The idMap function has two new arguments:

multi.to: determines how to resolve 1:many mappings, i.e. multiple to.IDs for a single from.ID. This is passed on to the multiVals argument of AnnotationDbi::mapIds and can thus take several pre-defined values, but also the form of a user-defined function. However, note that this requires that a single to.ID is returned for each from.ID. Default is "first", which accordingly returns the first to.ID mapped onto the respective from.ID.
multi.from: determines how to resolve many:1 mappings, i.e. multiple from.IDs mapping to the same to.ID. Pre-defined options include:
- 'first' (Default): returns the first from.ID for each to.ID with multiple from.IDs,
- 'minp': selects the from.ID with minimum p-value (according to the rowData column PVAL of se),
- 'maxfc': selects the from.ID with maximum absolute log2 fold change (according to the rowData column FC of se).
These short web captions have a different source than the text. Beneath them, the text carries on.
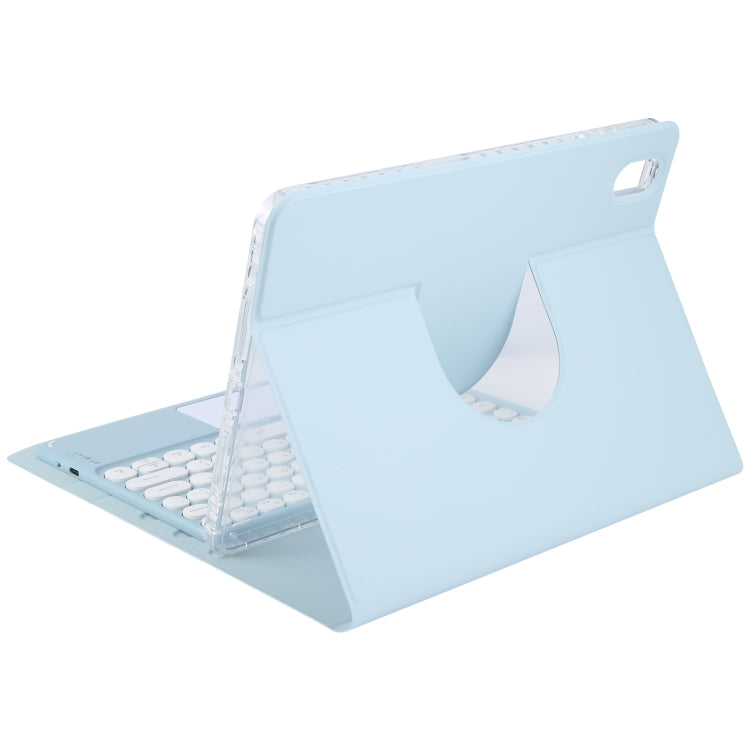 For Huawei MatePad 11 2023 / 2021 Round Button Bluetooth Keyboard Rotatable Holder Leather Case with Touchpad(Sky Blue) - Huawei Keyboard by PMC Jewellery | Online Shopping South Africa | PMC Jewellery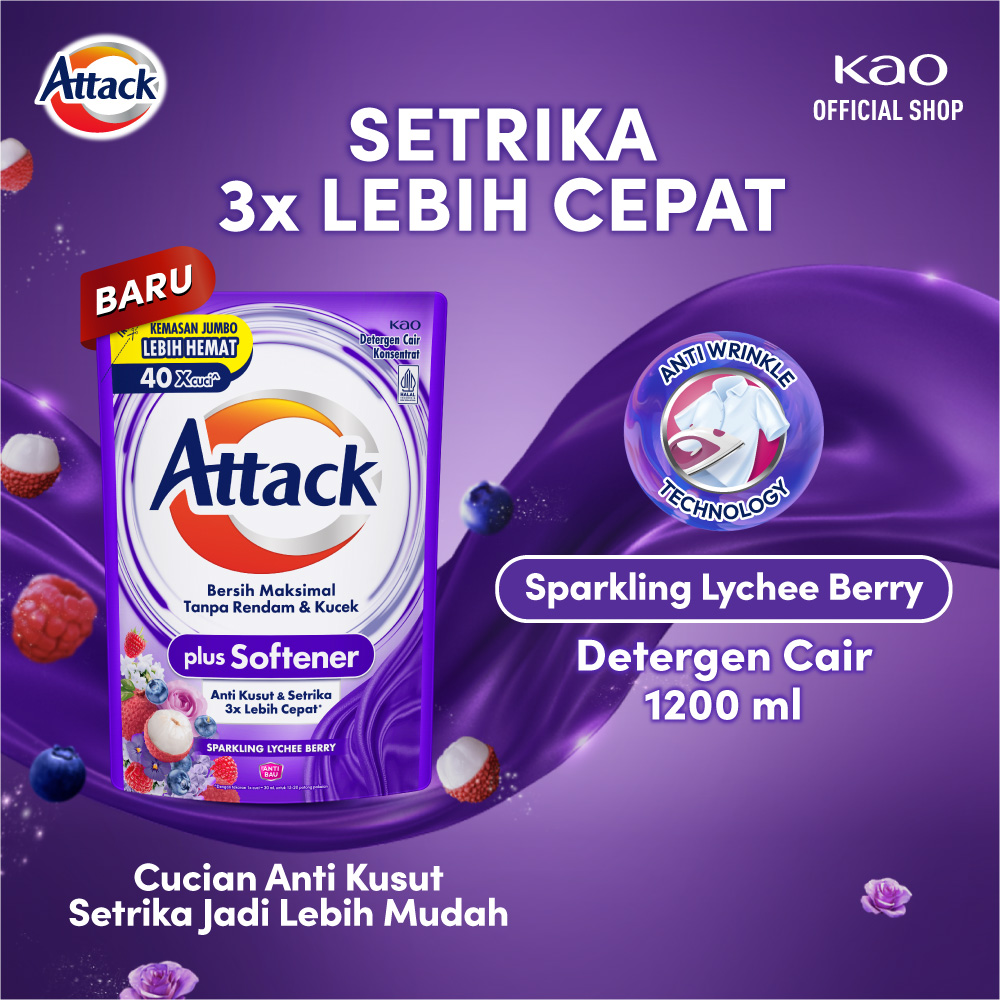 Attack Plus Softener Deterjen Cair Liquid Sparkling Lychee Berry Pouch 1200 ml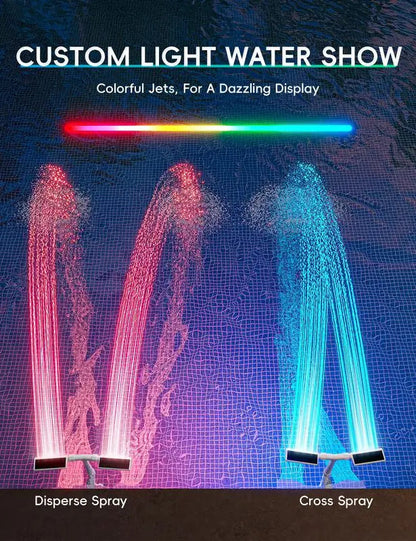 Bright LED Water Fountain with Double Jet Spray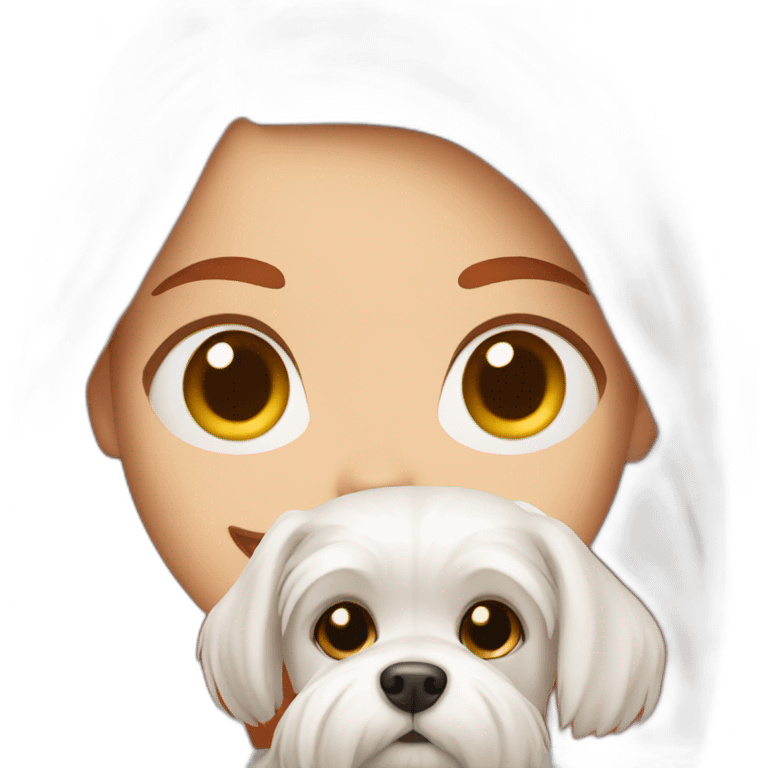 Red-haired girl with Maltese dog emoji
Note that a user-defined function can also be supplied for custom behaviors. This will be applied for each case where there are multiple from.IDs for a single to.ID, and accordingly takes the arguments ids and se. The argument ids corresponds to the multiple from.IDs from which a single ID should be chosen, e.g. via information available in argument se.

## select from.ID with lowest p-value
pcol <- configEBrowser("PVAL.COL")
rowData(se)[[pcol]] <- c(0.001, 0.32, 0.15)
mse <- idMap(se, to="MYID", multi.from="minp")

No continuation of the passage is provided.